Given data:
········
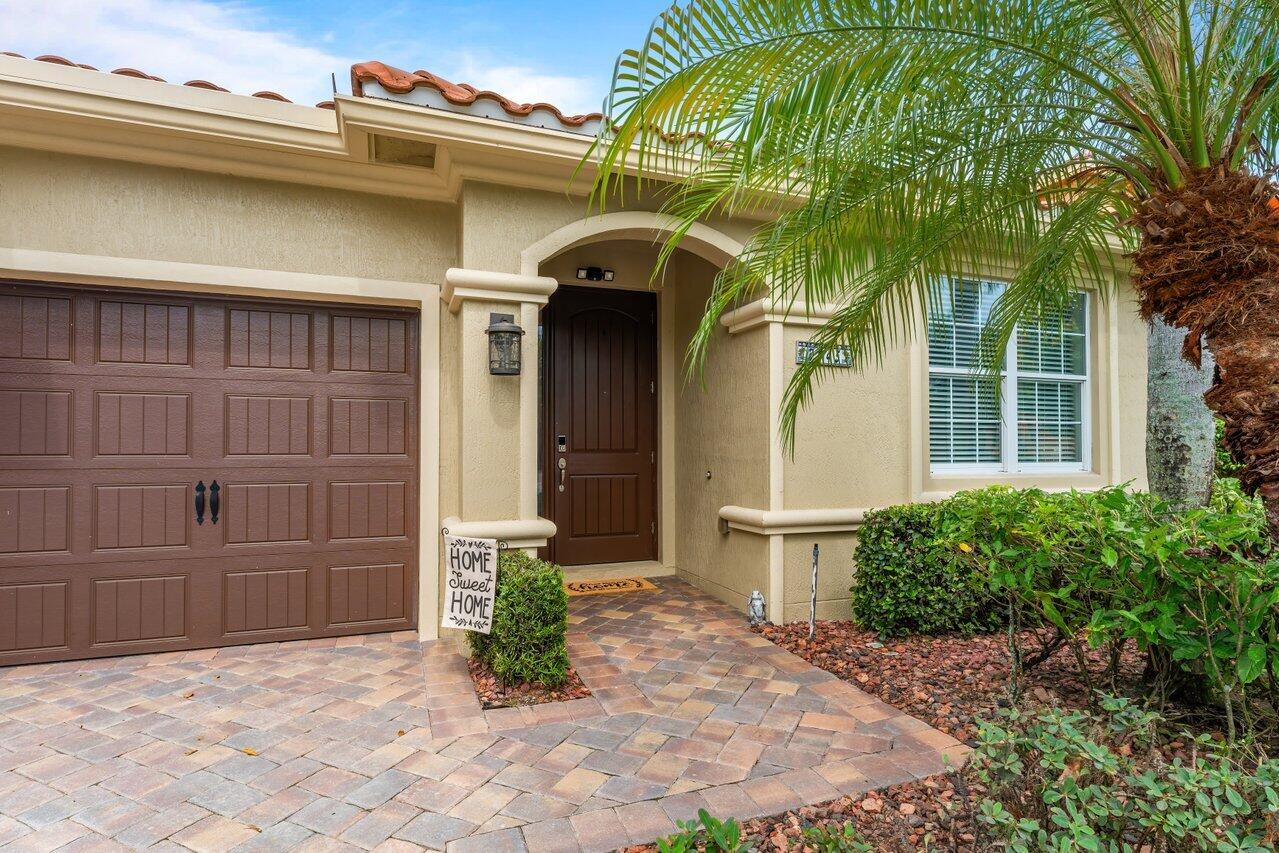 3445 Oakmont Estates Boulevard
········
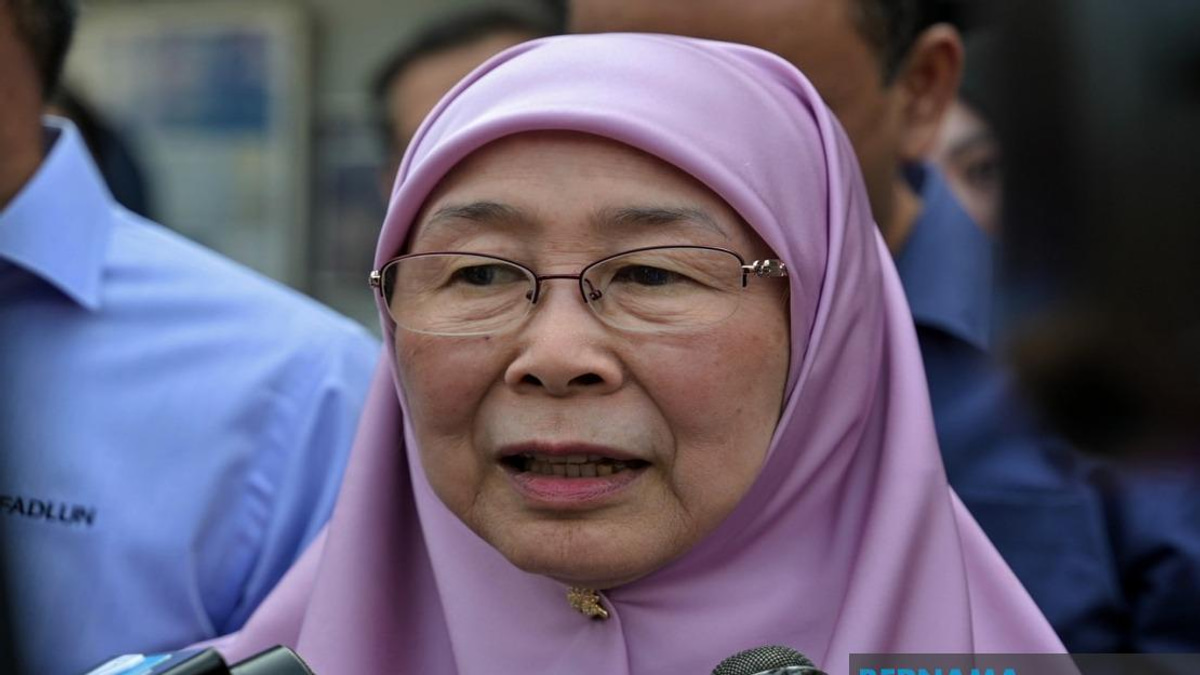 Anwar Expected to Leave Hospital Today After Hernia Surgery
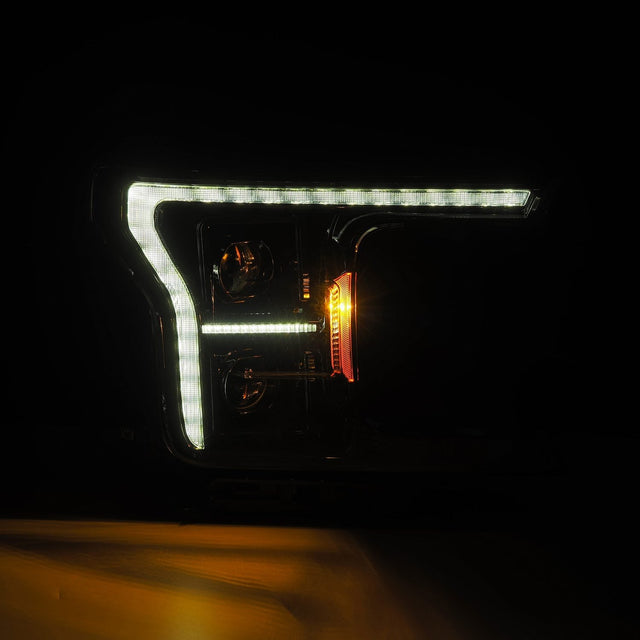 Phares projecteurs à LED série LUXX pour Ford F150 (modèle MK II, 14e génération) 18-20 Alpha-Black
········
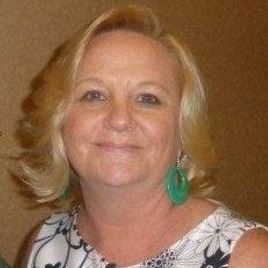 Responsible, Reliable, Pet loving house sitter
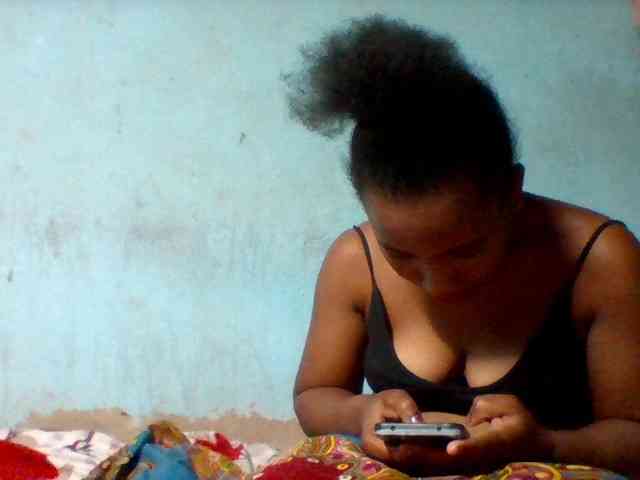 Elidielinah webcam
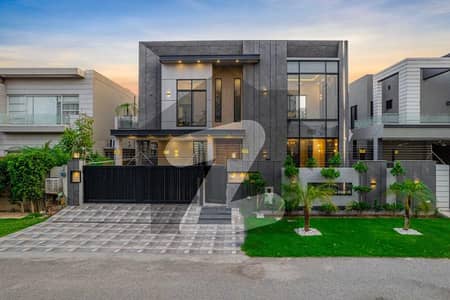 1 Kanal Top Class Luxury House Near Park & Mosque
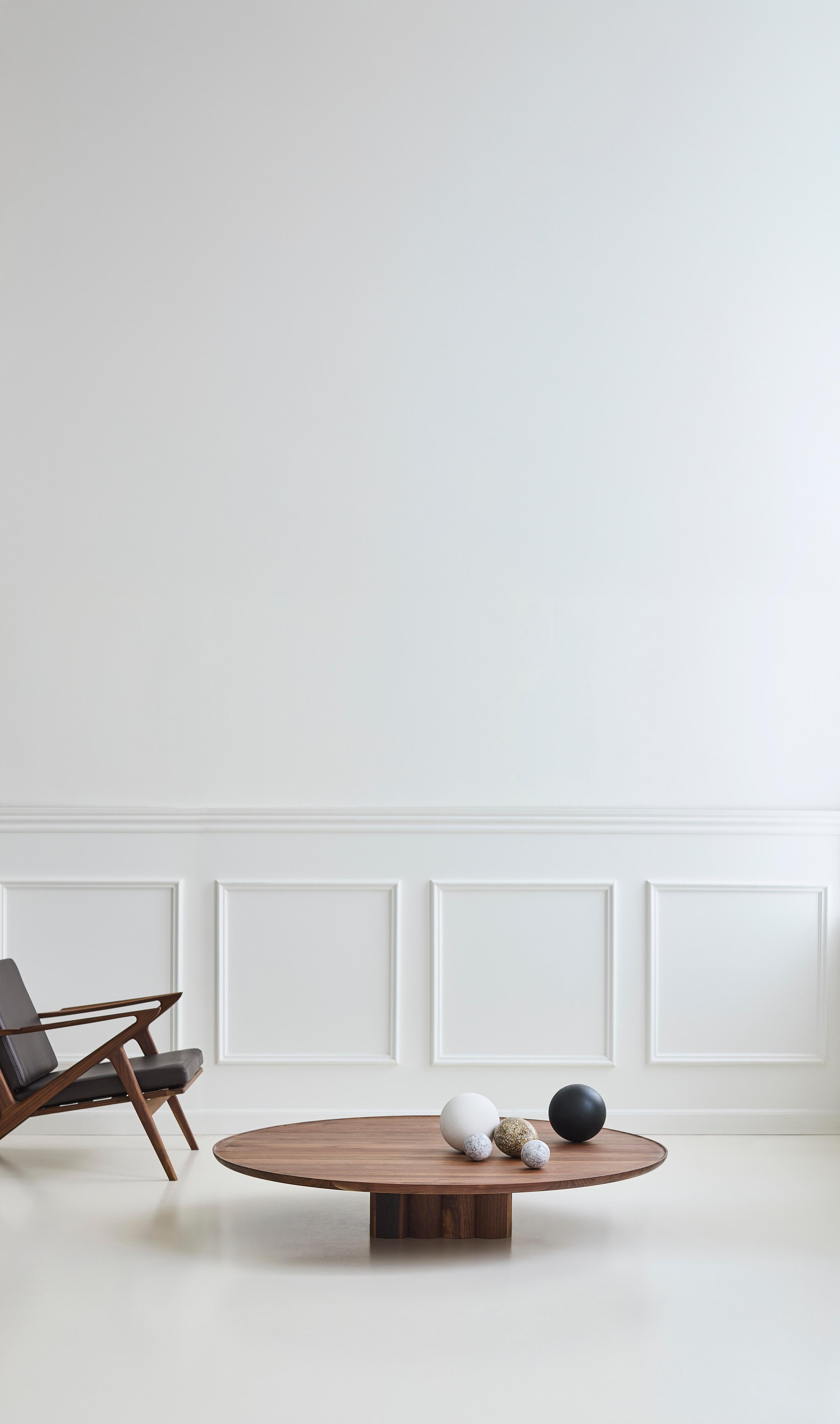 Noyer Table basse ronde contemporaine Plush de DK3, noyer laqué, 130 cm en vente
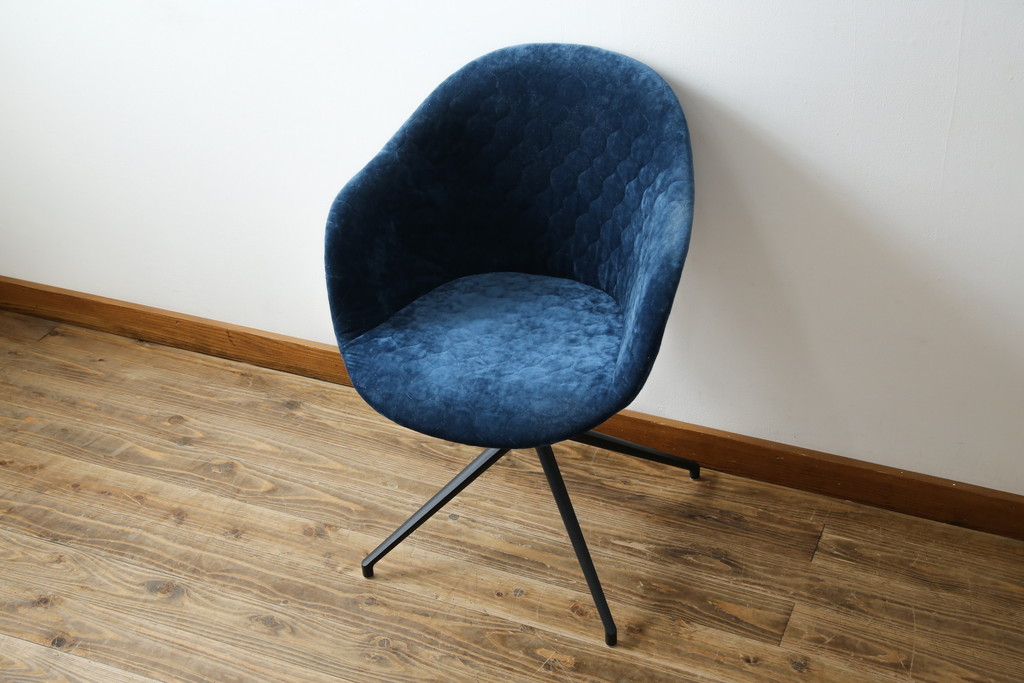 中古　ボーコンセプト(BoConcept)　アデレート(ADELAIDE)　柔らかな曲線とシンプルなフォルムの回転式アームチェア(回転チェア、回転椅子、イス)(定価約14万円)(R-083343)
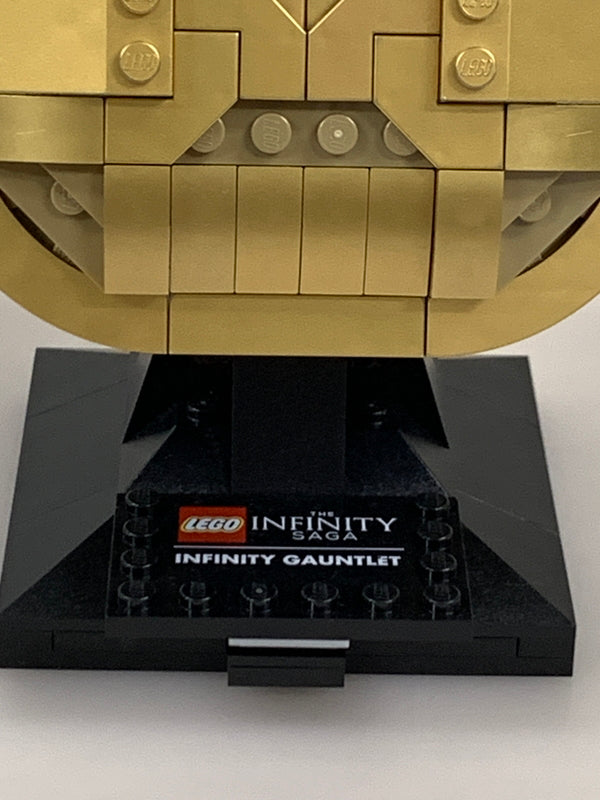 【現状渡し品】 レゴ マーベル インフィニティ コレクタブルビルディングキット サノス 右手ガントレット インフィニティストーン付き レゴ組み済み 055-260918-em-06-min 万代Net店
········
Task instructions: Return the lines above from the one with "中古　ボーコンセプト(BoC" through the one with "レゴ組み済み 055-260918-em-06-min 万代Net店", verbatim and nothing else. Omit every picture.

Solution:
 中古　ボーコンセプト(BoConcept)　アデレート(ADELAIDE)　柔らかな曲線とシンプルなフォルムの回転式アームチェア(回転チェア、回転椅子、イス)(定価約14万円)(R-083343)
 【現状渡し品】 レゴ マーベル インフィニティ コレクタブルビルディングキット サノス 右手ガントレット インフィニティストーン付き レゴ組み済み 055-260918-em-06-min 万代Net店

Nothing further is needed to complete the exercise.